EXERCISE GOAL: Print the data exactly, leaving nothing out.

MATERIAL PROVIDED:
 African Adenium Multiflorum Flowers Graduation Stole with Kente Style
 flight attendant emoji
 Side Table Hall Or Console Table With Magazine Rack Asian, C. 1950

TASK RESULT:
 African Adenium Multiflorum Flowers Graduation Stole with Kente Style
 flight attendant emoji
 Side Table Hall Or Console Table With Magazine Rack Asian, C. 1950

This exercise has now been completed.